== DATA PROVIDED ==
----
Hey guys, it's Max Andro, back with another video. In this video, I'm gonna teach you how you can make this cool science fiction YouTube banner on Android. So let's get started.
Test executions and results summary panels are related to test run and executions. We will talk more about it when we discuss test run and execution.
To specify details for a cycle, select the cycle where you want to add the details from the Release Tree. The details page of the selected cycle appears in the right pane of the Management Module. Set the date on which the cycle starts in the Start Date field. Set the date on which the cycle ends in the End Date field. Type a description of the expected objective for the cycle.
----
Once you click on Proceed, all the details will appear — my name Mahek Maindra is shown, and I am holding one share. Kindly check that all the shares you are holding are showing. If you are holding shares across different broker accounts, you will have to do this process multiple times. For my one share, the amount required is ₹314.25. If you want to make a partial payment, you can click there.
----
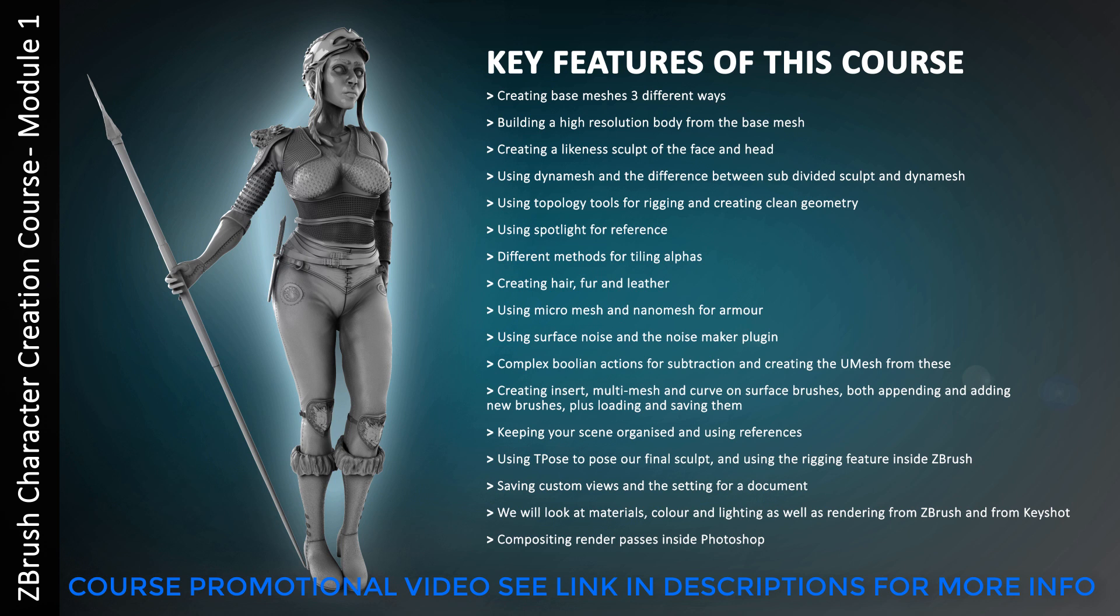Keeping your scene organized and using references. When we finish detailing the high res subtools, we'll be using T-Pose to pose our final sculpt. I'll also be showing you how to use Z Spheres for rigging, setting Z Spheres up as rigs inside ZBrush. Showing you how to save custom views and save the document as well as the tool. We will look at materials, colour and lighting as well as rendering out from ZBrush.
----
Wherever the string "make" turns up in the material, copy the whole line.

== REPLY ==
Hey guys, it's Max Andro, back with another video. In this video, I'm gonna teach you how you can make this cool science fiction YouTube banner on Android. So let's get started.
Once you click on Proceed, all the details will appear — my name Mahek Maindra is shown, and I am holding one share. Kindly check that all the shares you are holding are showing. If you are holding shares across different broker accounts, you will have to do this process multiple times. For my one share, the amount required is ₹314.25. If you want to make a partial payment, you can click there.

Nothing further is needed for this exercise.